Article by Peter de Kruijff courtesy of the Sydney Morning Herald.
Bumper iron ore prices have resulted in a $7.3 billion profit for the flagship company of Australia’s richest woman Gina Rinehart.
The Hancock Prospecting Group posted one of the largest profit margins for private companies in the country with revenue up from $10.5 billion to $16.6 billion. The company paid $2.7 billion in taxes for the year.
Mrs Rinehart is the ultimate controlling party of Hancock Prospecting which has a 70 per cent stake in the Roy Hill iron ore mine in the Pilbara.
Roy Hill recorded a $4.4 billion profit over the past financial year after shipping 57.5 million tonnes of ore but much of the dividend for Hancock Prospecting has been quarantined because of the long-running dispute between Mrs Rinehart and her children over the management of the Hope Margaret Hancock Trust.
The Trust holds about 23 per cent of the shares in Hancock Prospecting and about $3.9 billion in dividends have not been distributed from this year because of the dispute. About $1.2 billion in dividends was released.
Roy Hill, which is the largest money earning asset for Hancock Prospecting, has cleared its debt commitments about four years ahead of schedule.
Atlas Iron, another mining company in Mrs Rinehart’s group, netted close to $1 billion in profits in the past financial year.
A statement from Hancock Prospecting revealed the company was considering a reduction in tonnage for its stalled $800 million metallurgical coal project in Canada.
Subsidiary companies of Hancock Prospecting are embroiled in a series of court cases over the Grassy Mountain project in the Rocky Mountains of Alberta after the proposed mine was knocked back for federal environmental approval.
“The group has appealed this decision, and continues to explore its options in regard to this project,” the company’s annual report said.
Pastoral arm posts profit
Australian Outback Beef pulled in $11.5 million in profit as Mrs Rinehart sold off several cattle stations in the Northern Territory and Western Australia.
“A number of stations in the north, acquired some time ago, have been profitably sold after they had been upgraded and improved through further capital investment,” the Hancock Prospecting statement said.

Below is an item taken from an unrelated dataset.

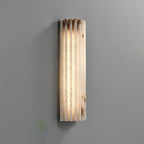 Alabast Væglampe - Riflet Stendesign med Metalramme 8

“These funds are targeted to be redeployed into high quality east coast pastoral and cropping properties to support our Wagyu operations.”
Mrs Rinehart’s Wagyu herd grew to 29,000 head in 2020-21. Her total livestock value as a current asset was listed as being $119 million in value.

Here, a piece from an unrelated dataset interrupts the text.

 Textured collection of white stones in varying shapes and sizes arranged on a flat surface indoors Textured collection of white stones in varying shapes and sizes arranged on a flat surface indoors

The billionaire miner and pastoralist recently delivered a speech on Sunday criticising the federal government for its net zero emissions goal and what it would mean for agriculture.

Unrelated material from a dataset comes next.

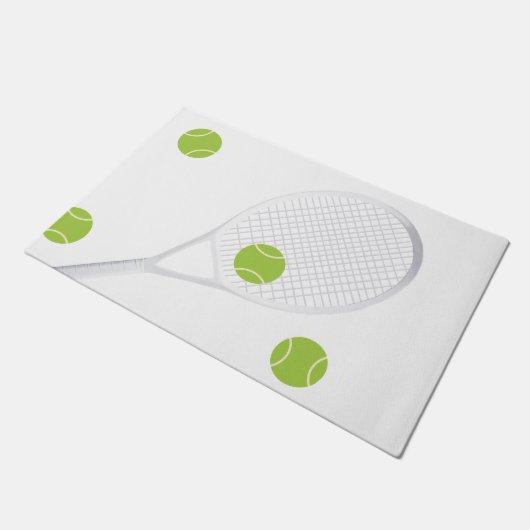 Moderne witte tennisracket bal vloerdeurmat deurmat (Schuin)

“Other than farmers with a few iron mines to help their bank balances,” Mrs Rinehart said.
“How on earth after so many bad years depleting farmers resources, can those in agriculture be expected to dish out for, electric vehicles, approximately double the cost of fossil-fuelled vehicles, solar panels be that for high cost power installations, or even lessor costs for isolated lights, or solar panels on accommodation to enable hot water when the sun shines, or the greater costs added to the transport industries of new non-fossil trucks and locos, affecting all supplies farmers need, and the costs of them having to shift stock, for markets and otherwise, plus raised costs for suppliers affected by net zero expenditures, or all the other many costs involved in meeting net zero.”
Mrs Rinehart said to help out the agricultural sector there should be legislative changes to allow farmers to clear land to decrease the risk of bushfires, the creation of special economic zones across northern Australia, more dams, the elimination of payroll tax and stamp duty, and for pensioners to be able to fill the labour shortage without losing part of their pension.
“Our industry is only just starting to recover after the vast difficulties I’ve mentioned, plus the elephant of net zero,” she said.
“With repeated reference of having to lessen stock numbers, we can and should try to assist our industry to survive and grow by continuing to reform the legislation that impacts Australian agriculture.”